By Jeff Berman, Group News Editor
January 23, 2015
Earlier today, transportation and logistics bellwether UPS announced that it expects 2014 earnings to come in below its previously stated guidance.
For the fourth quarter of 2014, UPS said it anticipates adjusted diluted earnings per share of roughly $1.25, with full-year 2014 adjusted diluted earnings per share at $4.75, which represents a 3.9 percent annual gain over 2013’s adjusted earnings per share of $4.57, with full-year 2014 diluted earnings pegged at around $3.28 per share, which is 28.9 percent below 2013’s $4.61.
UPS officials cited an underperforming U.S. domestic segment as the main reason for earnings being lower than previous guidance.
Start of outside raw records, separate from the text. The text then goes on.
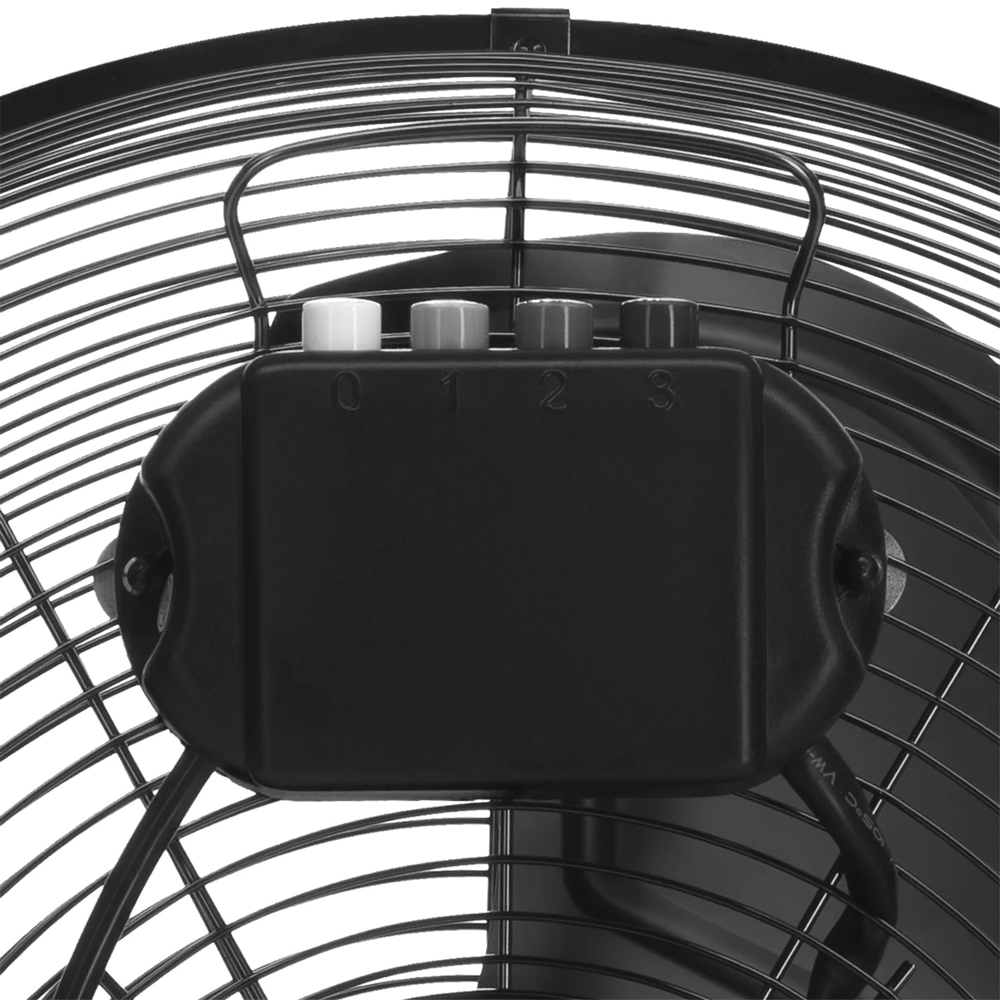 Ανεμιστήρας δαπέδου 115W 43cm TVM19 TROTEC Μαύρος - Image 5
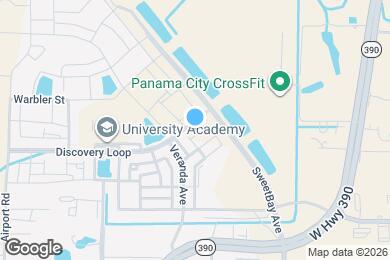 Map image of the property - 2323 Discovery Loop
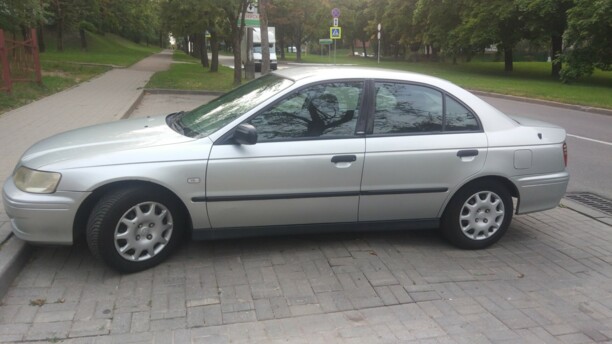 Honda Accord VI, 2000 г.
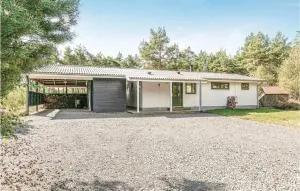 Holiday Home Østre Fort Allé I - Dueodde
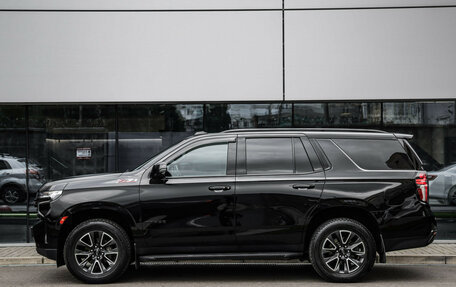 Chevrolet Tahoe IV, 2021 год, 5 599 000 рублей, 10 фотография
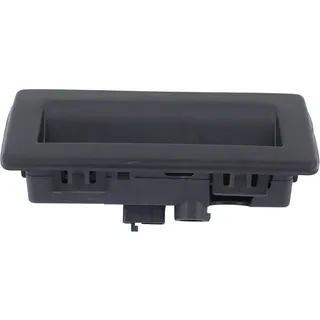 Heckklappengriff Heckklappenschalter Kofferraumklappe Kofferraum Entriegelungsschalter Heckklappe Schalter Griff Öffner Taster für A4 B9 Octavia 5E Superb 3 3V Yeti 5L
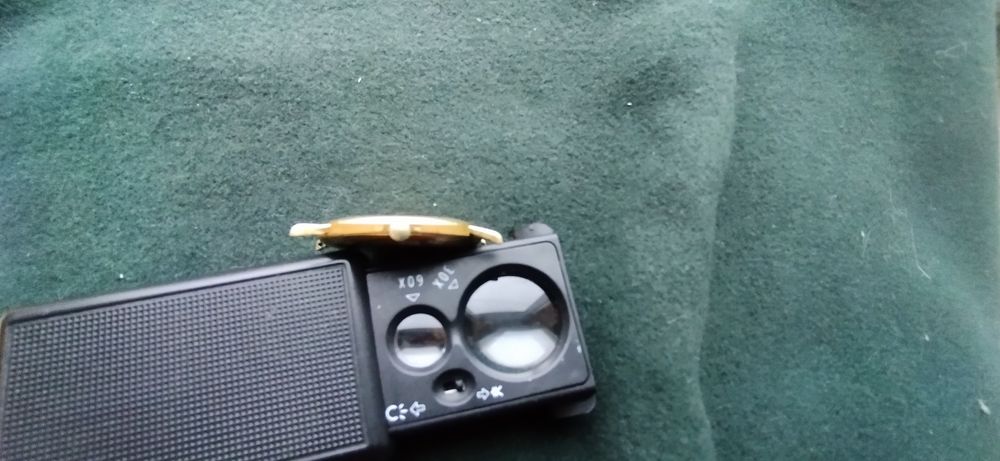 Годинник GARRARD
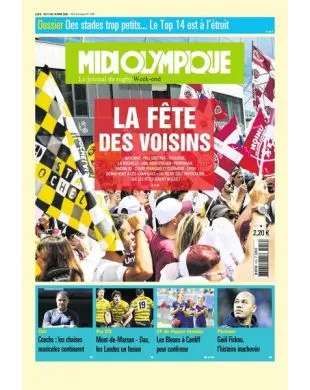 MIDI OLYMPIQUE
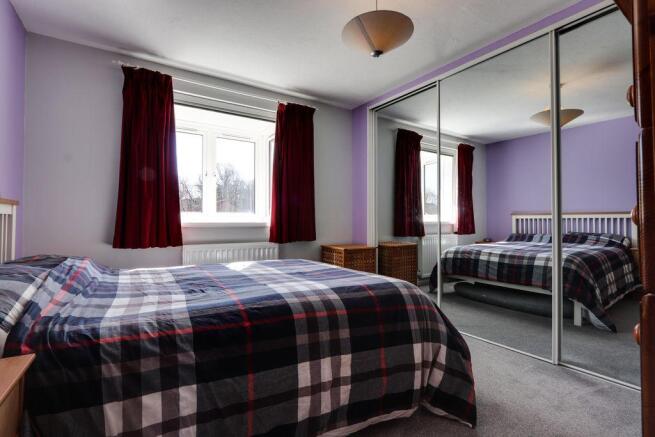 Bedroom 1 (Double)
The company’s fourth quarter and full-year 2014 earnings will be released on February 3.
It explained that although package volume and revenue results matched up with what the company expected, the company’s operating profit was negatively impacted by what it said were “higher than expected peak-related expenses.
“Clearly, our financial performance during the quarter was disappointing,” said David Abney, UPS chief executive officer, in a statement.  “UPS invested heavily to ensure we would provide excellent service during peak when deliveries more than double.  Though customers enjoyed high quality service, it came at a cost to UPS.  Going forward, we will reduce operating costs and implement new pricing strategies during peak season.”
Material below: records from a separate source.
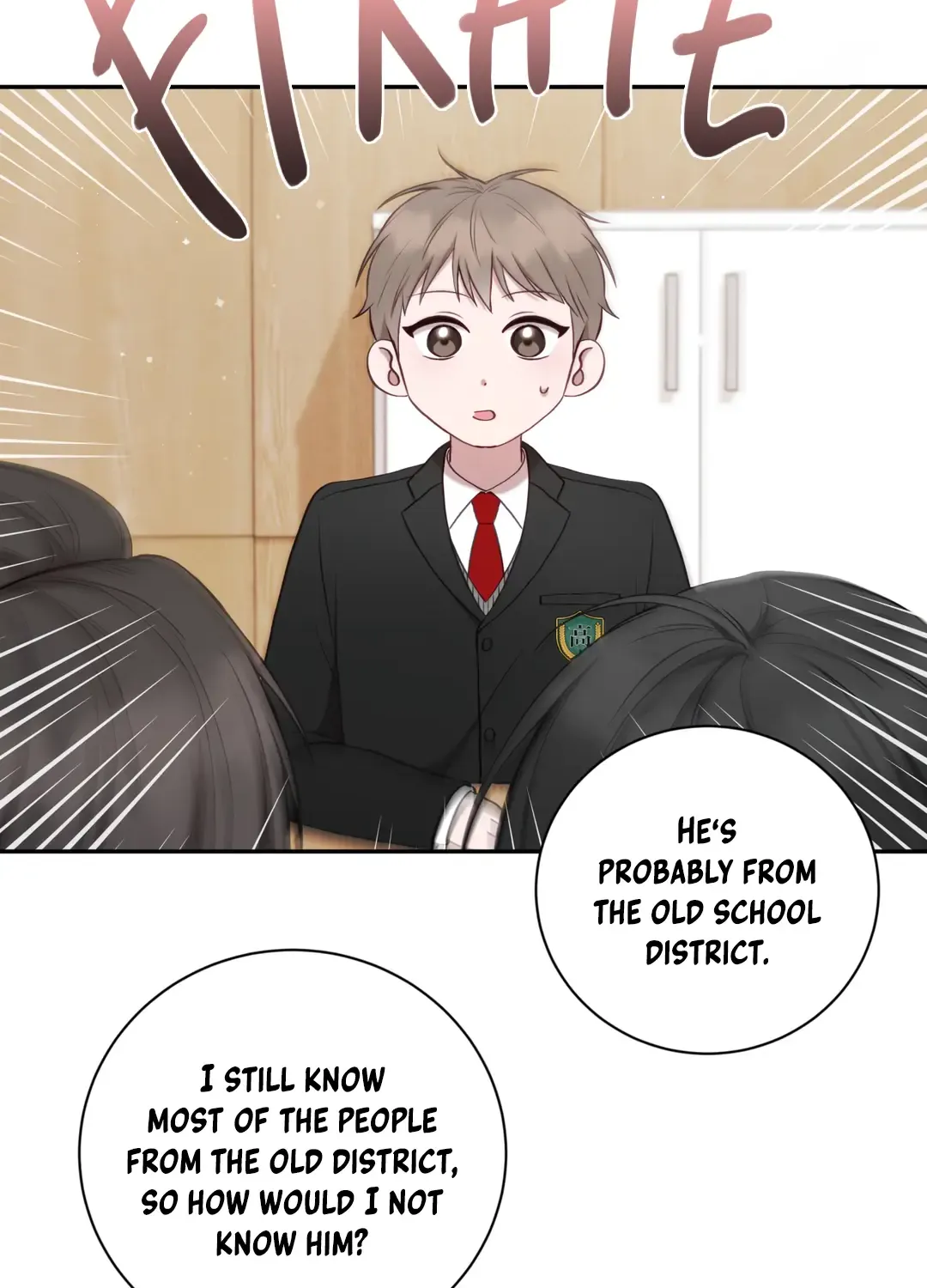A Gangster Became a High Schooler Kainu Manga Chapter 5 Page 19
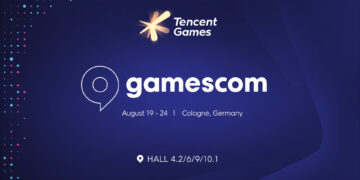 TENCENT GAMES RETURNS TO GAMESCOM 2025 WITH ITS BIGGEST EVER LINEUP OF GLOBAL GAMES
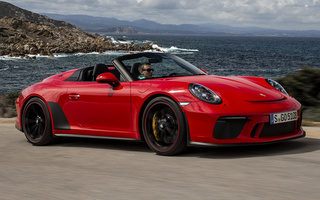 Porsche 911 Speedster (2019) (#90693)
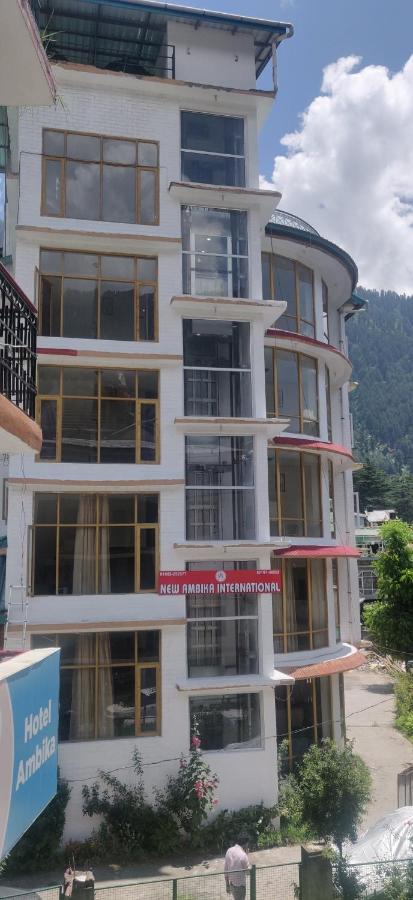 New Ambika International Mall Road Inn Manali (Himachal Pradesh)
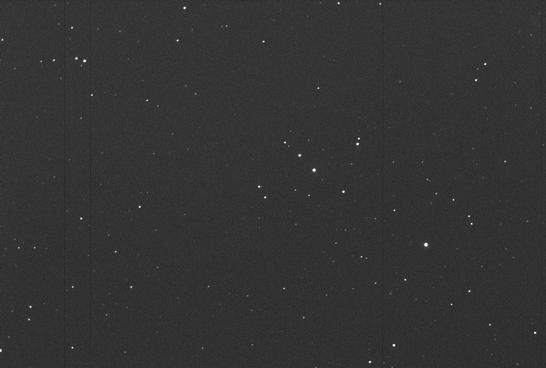 Sky image of variable star EW-LYR (EW LYRAE) on the night of JD2452903.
As previously reported by LM, peak season preparation was front and center for UPS heading into the fourth quarter. In its second quarter earnings announcement in early August, the company stated that it planned to up the ante for 2014 operating expense for capacity and peak-related projects to $175 million, with some of this capital allocated for things like expanded operations on the day after Thanksgiving, accelerated deployment of route optimization software (ORION), IT development, additional hub sorts and temporary capacity.
“One frequent topic of discussion has been our preparation for peak season. We’ve had meaningful conversations with customers about our plans,” said UPS Abney on the company’s earnings call in August. “These discussions provide the foundation for a joint commitment of forecast volume enabling UPS to better manage how large accounts impact our network. We have made changes to UPS technology that will improve communication with customers. Solutions have been implemented to provide better information on package location and shipment status, ultimately benefitting customers and UPS.”
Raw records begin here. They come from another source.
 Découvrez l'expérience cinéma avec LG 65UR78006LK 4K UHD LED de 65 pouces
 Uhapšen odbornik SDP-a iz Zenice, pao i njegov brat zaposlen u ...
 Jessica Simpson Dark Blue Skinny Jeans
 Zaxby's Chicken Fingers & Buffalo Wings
This forward-looking approach was both smart and needed, given how many supply chain networks, not just UPS’s, dealt with myriad delays and service disruptions during Peak Season in 2013, and left them determined to go down that road again in 2014. And while there were delays and some people did not get their items in time for the holidays, industry estimates suggest it was a relatively modest amount of volume that got lost in the shuffle.
And in September UPS said it planned to hire between 90,000-to-95,000 seasonal employees, topping 2013’s 85,000. UPS said that these seasonal hires are brought on to support “the anticipated holiday surge” for package deliveries commencing in October and running through January.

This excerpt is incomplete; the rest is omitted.